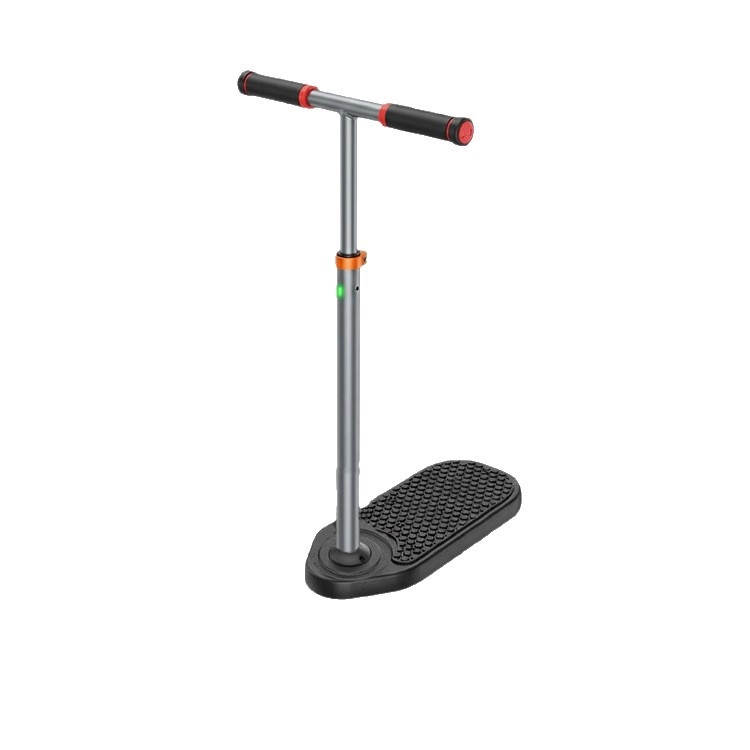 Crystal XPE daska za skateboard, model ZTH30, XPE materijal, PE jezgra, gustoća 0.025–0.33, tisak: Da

::::

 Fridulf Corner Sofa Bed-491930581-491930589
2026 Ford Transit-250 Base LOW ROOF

::::

Instructions to follow:
Restate word for word the lines of the data above, starting at the line containing "Fridulf Corner Sofa Bed-491930581-491930589" and ending at the line containing "2026 Ford Transit-250 Base LOW ROOF", both included, and nothing more.

Response area:
 Fridulf Corner Sofa Bed-491930581-491930589
2026 Ford Transit-250 Base LOW ROOF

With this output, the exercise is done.